Every entry below must be reproduced exactly.

*-*-*

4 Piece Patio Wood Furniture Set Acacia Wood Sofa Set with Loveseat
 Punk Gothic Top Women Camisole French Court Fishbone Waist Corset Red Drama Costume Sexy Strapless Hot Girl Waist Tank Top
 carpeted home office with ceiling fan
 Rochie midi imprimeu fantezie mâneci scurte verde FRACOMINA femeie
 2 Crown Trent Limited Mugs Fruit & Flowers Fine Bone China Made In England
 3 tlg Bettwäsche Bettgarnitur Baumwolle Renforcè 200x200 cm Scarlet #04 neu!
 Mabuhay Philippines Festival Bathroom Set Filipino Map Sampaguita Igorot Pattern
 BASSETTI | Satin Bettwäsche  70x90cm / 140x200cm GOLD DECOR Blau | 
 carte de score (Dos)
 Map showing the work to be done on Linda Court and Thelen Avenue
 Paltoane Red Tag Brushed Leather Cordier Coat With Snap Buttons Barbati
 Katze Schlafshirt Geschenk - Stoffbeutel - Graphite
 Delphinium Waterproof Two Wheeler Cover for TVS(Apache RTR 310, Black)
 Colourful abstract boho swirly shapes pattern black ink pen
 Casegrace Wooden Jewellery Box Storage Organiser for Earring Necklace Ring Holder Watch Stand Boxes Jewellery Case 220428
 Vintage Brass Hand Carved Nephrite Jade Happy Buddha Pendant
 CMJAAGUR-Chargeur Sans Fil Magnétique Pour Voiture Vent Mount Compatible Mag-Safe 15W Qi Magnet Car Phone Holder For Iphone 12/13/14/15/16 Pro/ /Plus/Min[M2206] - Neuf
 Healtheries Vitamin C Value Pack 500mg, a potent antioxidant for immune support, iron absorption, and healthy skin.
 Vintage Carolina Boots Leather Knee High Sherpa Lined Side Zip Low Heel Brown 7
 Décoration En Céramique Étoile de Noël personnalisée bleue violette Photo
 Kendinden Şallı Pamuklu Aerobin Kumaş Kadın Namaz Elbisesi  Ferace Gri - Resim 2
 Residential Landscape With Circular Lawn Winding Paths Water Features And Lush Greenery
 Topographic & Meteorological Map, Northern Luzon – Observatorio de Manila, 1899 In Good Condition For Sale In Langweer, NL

*-*-*

### Solution to the exercise
4 Piece Patio Wood Furniture Set Acacia Wood Sofa Set with Loveseat
 Punk Gothic Top Women Camisole French Court Fishbone Waist Corset Red Drama Costume Sexy Strapless Hot Girl Waist Tank Top
 carpeted home office with ceiling fan
 Rochie midi imprimeu fantezie mâneci scurte verde FRACOMINA femeie
 2 Crown Trent Limited Mugs Fruit & Flowers Fine Bone China Made In England
 3 tlg Bettwäsche Bettgarnitur Baumwolle Renforcè 200x200 cm Scarlet #04 neu!
 Mabuhay Philippines Festival Bathroom Set Filipino Map Sampaguita Igorot Pattern
 BASSETTI | Satin Bettwäsche  70x90cm / 140x200cm GOLD DECOR Blau | 
 carte de score (Dos)
 Map showing the work to be done on Linda Court and Thelen Avenue
 Paltoane Red Tag Brushed Leather Cordier Coat With Snap Buttons Barbati
 Katze Schlafshirt Geschenk - Stoffbeutel - Graphite
 Delphinium Waterproof Two Wheeler Cover for TVS(Apache RTR 310, Black)
 Colourful abstract boho swirly shapes pattern black ink pen
 Casegrace Wooden Jewellery Box Storage Organiser for Earring Necklace Ring Holder Watch Stand Boxes Jewellery Case 220428
 Vintage Brass Hand Carved Nephrite Jade Happy Buddha Pendant
 CMJAAGUR-Chargeur Sans Fil Magnétique Pour Voiture Vent Mount Compatible Mag-Safe 15W Qi Magnet Car Phone Holder For Iphone 12/13/14/15/16 Pro/ /Plus/Min[M2206] - Neuf
 Healtheries Vitamin C Value Pack 500mg, a potent antioxidant for immune support, iron absorption, and healthy skin.
 Vintage Carolina Boots Leather Knee High Sherpa Lined Side Zip Low Heel Brown 7
 Décoration En Céramique Étoile de Noël personnalisée bleue violette Photo
 Kendinden Şallı Pamuklu Aerobin Kumaş Kadın Namaz Elbisesi  Ferace Gri - Resim 2
 Residential Landscape With Circular Lawn Winding Paths Water Features And Lush Greenery
 Topographic & Meteorological Map, Northern Luzon – Observatorio de Manila, 1899 In Good Condition For Sale In Langweer, NL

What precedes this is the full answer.